Am. Pearl Grp. v. Nat'l Payment Sys.

Docket NumberCivil Action 3:22-CV-00693-N
Decision Date05 July 2023
PartiesAMERICAN PEARL GROUP, LLC, et al., Plaintiffs, v. NATIONAL PAYMENT SYSTEMS, LLC, et al., Defendants.
CourtU.S. District Court — Northern District of Texas
MEMORANDUM OPINION AND ORDER
DAVID C. GODBEY, UNITED STATES CHIEF DISTRICT JUDGE

This Order addresses Plaintiff American Pearl Group, LLC's (Pearl) motion for reconsideration [24] and Defendant National Payment Systems, LLC's (NPS) motion to dismiss [28]. The Court denies Pearl's motion for reconsideration and grants NPS's motion to dismiss.

I. Origins of the Dispute

The parties' relationship has been explained in detail previously, see Mem.
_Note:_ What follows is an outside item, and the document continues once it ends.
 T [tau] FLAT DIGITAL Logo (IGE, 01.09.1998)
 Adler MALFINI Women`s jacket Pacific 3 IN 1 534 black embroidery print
Op. & Order 1-3 [23], and is summarized here. NPS and Pearl operate in the credit card payment processing industry. Whenever a consumer uses a credit card to pay a merchant for his or her purchase information must flow between the issuing bank which extends credit to the cardholder and the acquiring bank which maintains the merchant's account. NPS and Pearl are intermediaries that profit by facilitating transactions and retaining a portion of the money remitted. NPS is an Independent Sales Organization (“ISO”), which is a subtype of intermediary contracted by acquiring banks to sign up new merchants and service their accounts, and NPS subcontracted work to Pearl.

As part of the transaction, NPS leased equipment to Pearl. Pearl encountered financial difficulties paying NPS's invoices which Pearl alleges was part of a concerted scheme by NPS to induce distress and obtain some of Pearl's streams of residual income. To avoid insolvency, Pearl accepted loans from NPS (the “Loan”) and its alleged affiliate Beck Ventures, LLC (“Beck”), both of which were secured by Pearl's residuals portfolio and incorporated agreements granting NPS and Beck options to acquire future residual payment rights for a portion of the merchants in Pearl's portfolio. The options locked in specific purchase prices and were not exercisable until the loans' full repayment or in the event of default.

Plaintiffs initially sued NPS, Beck, and Does 1-20, seeking a declaration that the loans violate Texas's usury statutes and corresponding punitive damages. NPS and Beck moved to dismiss, and the Court concluded that (1) per Texas law's spreading doctrine, the loan schedule did not reflect usurious interest, (2) the values of the purchase options were too uncertain to constitute interest, and (3) Plaintiffs had not adequately alleged a scheme to conceal usury. Mem. Op. & Order 8-9, 12-13. Accordingly, the Court dismissed Plaintiffs' complaint for failure to state a claim, but granted leave to amend. Id. at 13. Plaintiffs have amended their complaint as well as moved for reconsideration of the Court's prior decision.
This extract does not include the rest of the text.